It's A Striiiikkkke!!!!

As New York went into the countdown to Christmas, the Grinches decided to descend upon the city that never sleeps and reward it with a sour apple: the TWU, the Transit Workers Union, went out on strike.

As I had been traveling, I hadn't paid attention in the week before to the gathering storm, though an ominous e-mail the day before my return to New York from my apartment building's management aroused my concerns.
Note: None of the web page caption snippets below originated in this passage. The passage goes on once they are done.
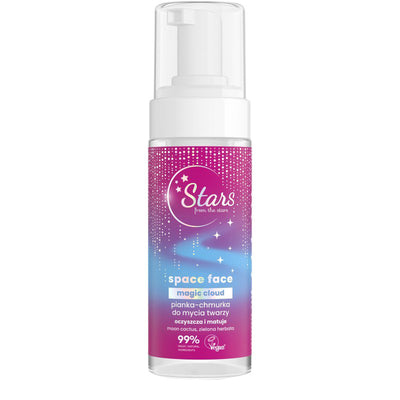 Stars from the Stars - Space Face - Foam-cloud face wash 150ml - Stars from the Stars - Vesa Beauty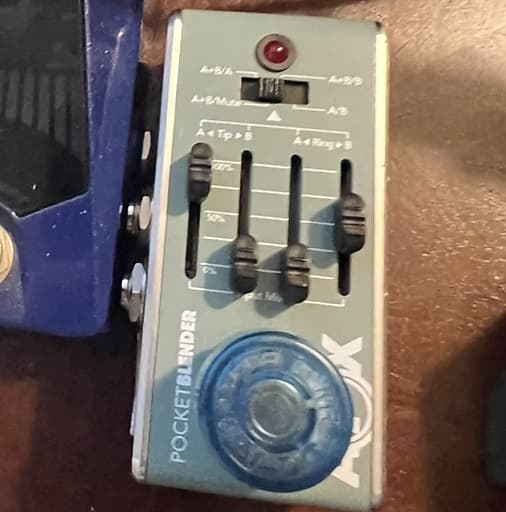 Fishman AFX Pocket Blender Mini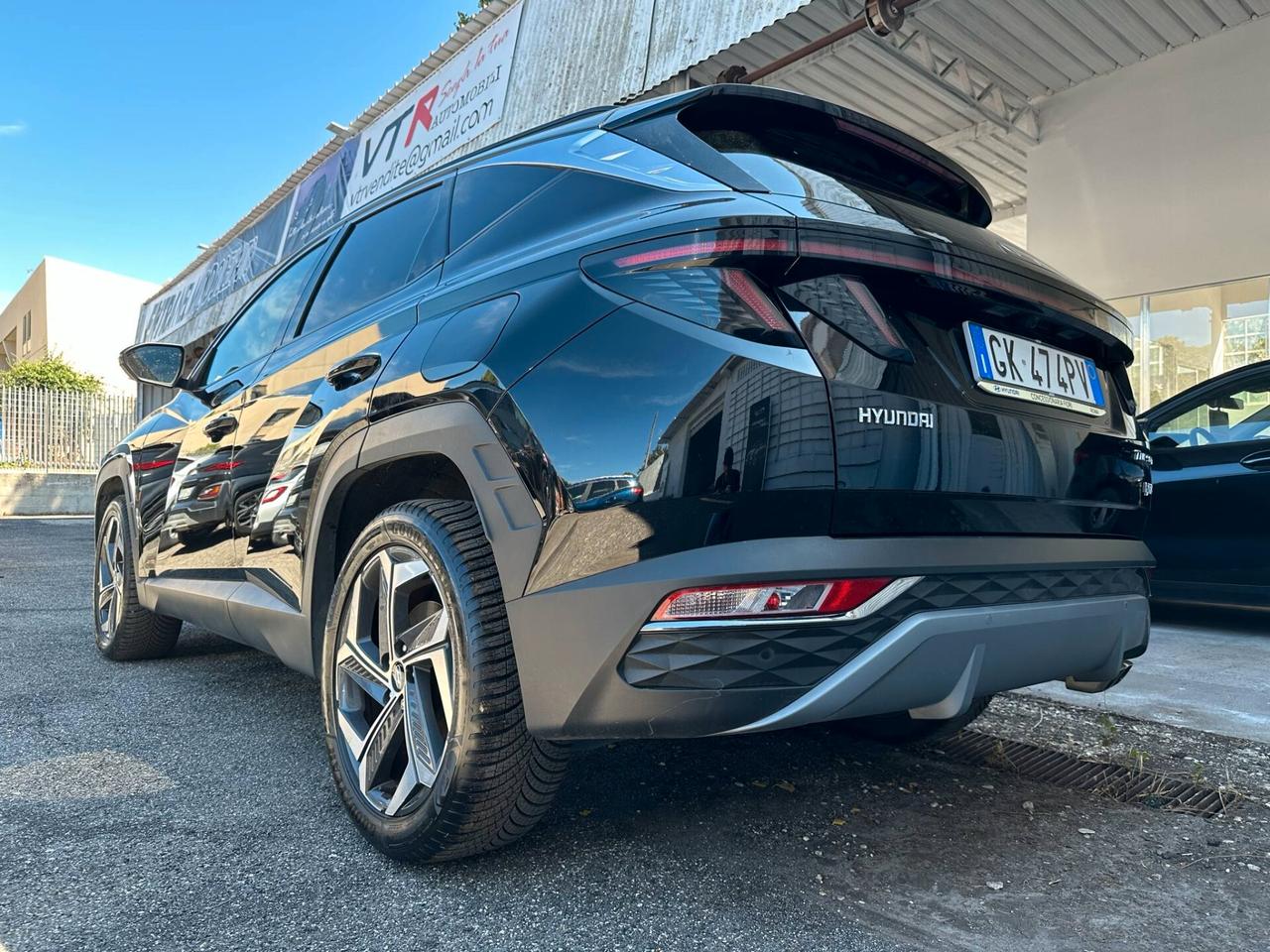 Hyundai Tucson 1.6 HEV aut.Exellence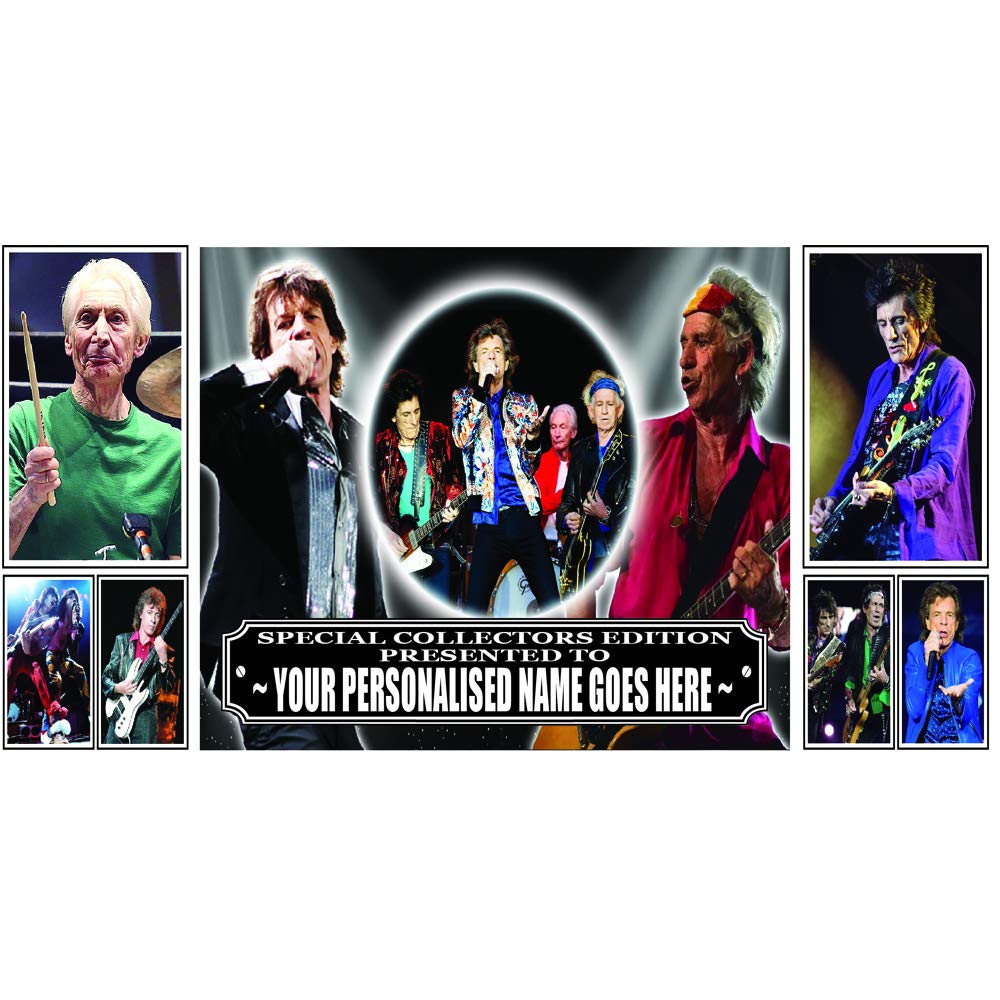 The Rolling Stones Personalised icon Mug Gift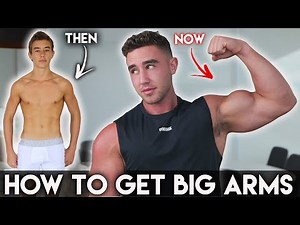 My Tips For Arms | WHY I TRAINED ARMS EVERY DAY IN MY TEENS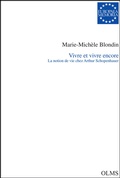 Cover: Vivre et vivre encore - Georg Olms Verlag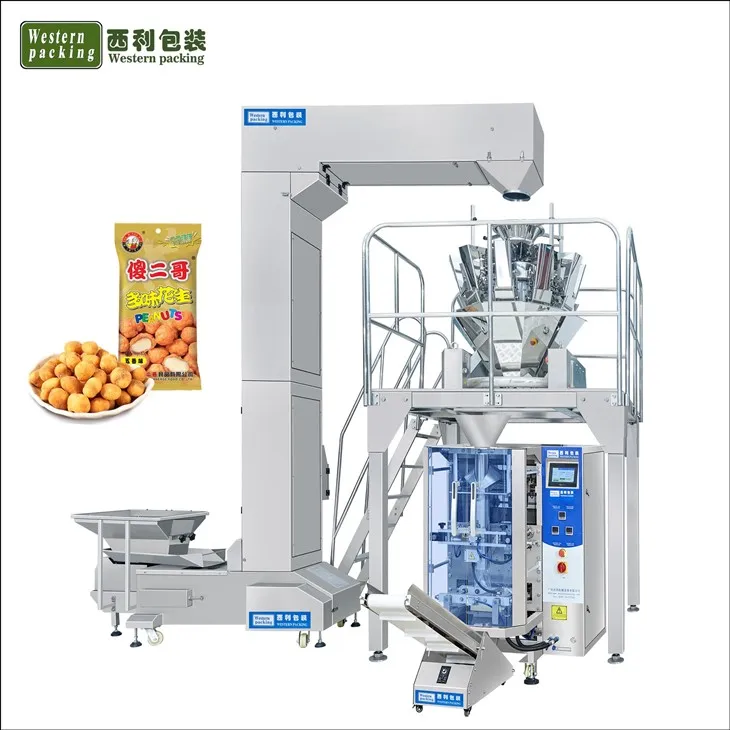 ناشتا فوڈ آلو چپس پیکنگ مشین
No strike was called on Monday though Tuesday morning brought what had seemed improbable: a transit strike, the first in twenty five years.

I woke to the morning news filled with images of people streaming on foot across the Manhattan and Brooklyn Bridges, including our Mayor, Billionaire Bloomberg, who looked very natty in his jeans and expensive leather jacket, walking in from Brooklyn along with everybody else.

I cancelled meetings and stayed in the apartment that doubles as my office, watching the news until it was time for me to go to my two o'clock meeting, which was thankfully within walking distance, as was my 3:30. The five was cancelled as there wasn't any way I was going to attempt getting down near Wall Street.

My e-mail box was cluttered with emergency announcements of cancelled Christmas Parties [ooops! Holiday Parties, in our politically correct times].

Generally, the city was mildly cranky but well-behaved. A populace that had absorbed 9/11 didn't even begin to let this get under their skin. People grumped and groaned and seemed pretty well behaved overall and as it was eloquently by one: at least it's not a tragedy. In other words, it's not a terrorist attack, the grim fear that breathes in the city every day.

People seemed pretty evenly divided as to who were the bad guys, the Union or the MTA [Metropolitan Transit Authority]. Neither group looks very good to me. The MTA has been under scrutiny by everyone since rates were raised and there seemed to be some shuffling of dollars [in the billions]. The Union looks intransigent about what many New Yorkers seem to think of as a good deal. If anything got under the city's skin, it was the insistence that 55 remain the retirement age. In a world where everyone I know is wondering if they will EVER be able to retire, getting out at 55 with 50% of your last year's salary seemed to be a bit too much of a good thing.

The following morning, Mayor Bloomberg was back on the Bridge and day two had begun, crankiness up and good behavior slightly down; temperatures were down, too, and wind was up, making the morning walk even brisker than the day before.

The PATH train [the one that marries New York City and New Jersey] actually runs from the World Trade Center site up to Herald Square [who knew?]. By Tuesday, this secret was out and the PATH folks had systemized the entrance at the WTC site and controlled the chaos in order to prevent unnecessary trips out to New Jersey. As I descended on Tuesday, it was eerie to be descending into “the pit' as I cannot shake the cold which enters my bones there and which has nothing to do with temperature.

According to Mr. Bloomberg the strike is costing the city at least a billion dollars and is particularly hard on small business owners who make up to 50% of their yearly revenue in December. Once into mid-town, walking is easy it's just getting to mid-town could take four hours.

As I write this, they're declaring a truce and it appears the TWU will go back to work while negotiations proceed having a judge declare the strike illegal and rumors of union arrests had little to do with the breakthrough, I'm sure; it is after all, the time of good will to all men.

What has continued to amaze me and continues to enhance my respect for New York is the general good grace with which everyone accepted and adapted. The resilience of this living organism called "The Big Apple" amazes me and occasionally gives me some hope for the human race.